● **Task brief**
Exactly as written, restate the material below from its first line through the line containing "All New NMax Connected Black 2023", and stop there.

● **Entries provided**

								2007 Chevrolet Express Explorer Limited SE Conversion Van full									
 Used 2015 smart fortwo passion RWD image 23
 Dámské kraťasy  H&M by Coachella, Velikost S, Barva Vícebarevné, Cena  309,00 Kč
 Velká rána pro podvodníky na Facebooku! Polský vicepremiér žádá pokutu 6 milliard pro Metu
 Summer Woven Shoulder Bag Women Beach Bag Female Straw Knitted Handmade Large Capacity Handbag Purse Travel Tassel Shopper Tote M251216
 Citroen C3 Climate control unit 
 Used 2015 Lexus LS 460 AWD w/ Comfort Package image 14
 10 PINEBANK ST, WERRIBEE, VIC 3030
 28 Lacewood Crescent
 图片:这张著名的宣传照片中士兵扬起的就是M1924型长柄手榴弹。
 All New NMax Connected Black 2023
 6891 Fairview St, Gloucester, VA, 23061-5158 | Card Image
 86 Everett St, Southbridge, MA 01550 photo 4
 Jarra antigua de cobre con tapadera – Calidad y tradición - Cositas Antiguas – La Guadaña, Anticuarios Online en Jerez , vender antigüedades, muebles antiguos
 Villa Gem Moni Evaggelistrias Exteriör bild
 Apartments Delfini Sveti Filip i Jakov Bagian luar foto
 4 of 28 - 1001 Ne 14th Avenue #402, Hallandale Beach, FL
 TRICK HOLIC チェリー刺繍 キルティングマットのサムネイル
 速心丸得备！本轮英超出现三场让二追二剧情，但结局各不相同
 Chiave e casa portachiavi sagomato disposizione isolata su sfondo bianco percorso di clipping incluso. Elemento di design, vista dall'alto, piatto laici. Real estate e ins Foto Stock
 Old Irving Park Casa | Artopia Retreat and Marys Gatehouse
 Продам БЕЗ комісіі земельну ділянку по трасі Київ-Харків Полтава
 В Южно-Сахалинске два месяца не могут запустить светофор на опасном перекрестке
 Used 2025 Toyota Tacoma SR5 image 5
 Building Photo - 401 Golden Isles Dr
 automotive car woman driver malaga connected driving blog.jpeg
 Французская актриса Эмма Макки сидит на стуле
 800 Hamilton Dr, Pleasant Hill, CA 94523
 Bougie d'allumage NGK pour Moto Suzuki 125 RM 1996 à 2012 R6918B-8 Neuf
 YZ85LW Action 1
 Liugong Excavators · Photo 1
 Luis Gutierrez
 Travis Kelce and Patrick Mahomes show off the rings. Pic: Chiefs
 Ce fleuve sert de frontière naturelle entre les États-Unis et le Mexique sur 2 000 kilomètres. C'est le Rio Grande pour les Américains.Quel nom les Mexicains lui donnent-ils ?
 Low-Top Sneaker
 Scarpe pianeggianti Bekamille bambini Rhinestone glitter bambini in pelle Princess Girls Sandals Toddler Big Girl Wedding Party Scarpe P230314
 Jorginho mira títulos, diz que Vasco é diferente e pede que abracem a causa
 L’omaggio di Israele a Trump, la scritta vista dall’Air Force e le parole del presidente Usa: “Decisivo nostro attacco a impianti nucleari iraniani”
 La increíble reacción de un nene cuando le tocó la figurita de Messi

● **Finished exercise**
								2007 Chevrolet Express Explorer Limited SE Conversion Van full									
 Used 2015 smart fortwo passion RWD image 23
 Dámské kraťasy  H&M by Coachella, Velikost S, Barva Vícebarevné, Cena  309,00 Kč
 Velká rána pro podvodníky na Facebooku! Polský vicepremiér žádá pokutu 6 milliard pro Metu
 Summer Woven Shoulder Bag Women Beach Bag Female Straw Knitted Handmade Large Capacity Handbag Purse Travel Tassel Shopper Tote M251216
 Citroen C3 Climate control unit 
 Used 2015 Lexus LS 460 AWD w/ Comfort Package image 14
 10 PINEBANK ST, WERRIBEE, VIC 3030
 28 Lacewood Crescent
 图片:这张著名的宣传照片中士兵扬起的就是M1924型长柄手榴弹。
 All New NMax Connected Black 2023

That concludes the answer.